There is no qualification, reservation, adverse remark or disclaimer given by the
Auditors in their Report. During the year under review, the Auditors had not reported any
matter under Section 143 (12) of the Companies Act, 2013.
23. CASH FLOW ANALYSIS
In conformity with the provisions of Clause 34(2) of SEBI (LODR) Regulations, 2015, the
Cash Flow Statement for the year ended on 31st March, 2025 forms an integral
part of the Financial Statements.
24. MECHANISM FOR EVALUATION OF BOARD
Pursuant to the provisions of the Companies Act, 2013 and Regulation 17(10) of SEBI
(LODR) Regulation 2015, a structured procedure was adopted after taking into consideration
of the various aspects of the Board's functioning composition of the Board and its
committees, execution and performance of specific duties, obligations and governance.
The performance evaluation of the independent Directors was completed in time. The
performance evaluation of the Chairman and the Non-independent Directors was carried out
by the Independent Directors. The Board of Directors expresses their satisfaction with the
evaluation process. The performance of each committee has been evaluated by its members
and found to be highly satisfactory. On the basis of this exercise, the Board has decided
that all Independent Directors should continue to be on the Board.
25. IMPLEMENTATION OF RISK MANAGEMENT POLICY
The company has formulated a policy and process for risk management. The company has
set up a core group of leadership team, which identifies, assesses the risks and the
trends, exposure and potential impact analysis at different level and lays down the
procedure for minimization of risks. Risk management forms an integral part of management
policy and is an ongoing process integrated with the operations.
The company has identified various strategic, operational and financial risks which may
impact company adversely. However management believes that the mitigation plans for
identified risks are in place and may not threaten the existence of the company.
26. PARTICULARS OF LOANS, GUARANTEES ORINVESTMENTS
The company has not given any loan/guarantee or provided any security under the
provisions of Section 186 of the Companies Act, 2013 during the financial year under
review.
27. WHISTLE BLOWER POLICY AND VIGILMECHANISM
The company has formulated and communicated the Whistle Blower Policy to all its
directors and employees and the same is posted on the company's website
www.prismmedico.com (http://prismmedico.in/policy-whit.pdf) The company recognizes the
value of transparency and accountability in its administrative and management practices.
The company promotes the ethical behavior in all its business activities. The company has
adopted the Whistle blower Policy and Vigil Mechanism in view to provide a mechanism for
the Directors and employees of the company to approach Audit Committee of the company to
report existing/probable violations of laws, rules, regulations or unethical conduct.

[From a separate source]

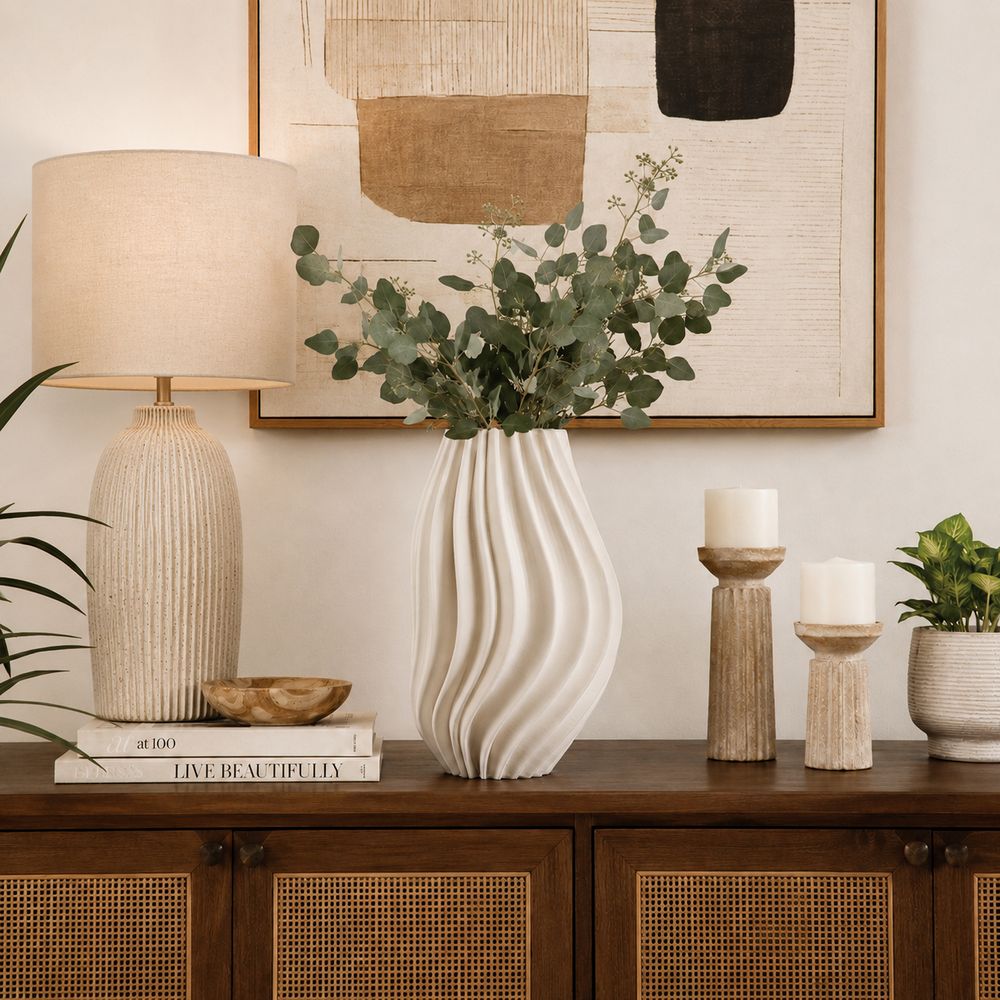 KEATONRUN IVORY VASE 16 (IN)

28. DISCLOSURES UNDER SEXUAL HARRASMENT OF WOMEN AT WORKPLACE (PREVENTION, PROHIBITION
AND REDRESSAL) ACT, 2013
The company has zero tolerance for sexual harassment at workplace and has adopted a
Policy on prevention, prohibition and redressal of sexual harassment at workplace in line
with the provisions of the Sexual Harassment of Women at Workplace (Prevention,
Prohibition and Redressal) Act, 2013 and the Rules framed thereunder. Further, the company
has Internal Complaint Committees in compliance with the above mentioned Act and Rules.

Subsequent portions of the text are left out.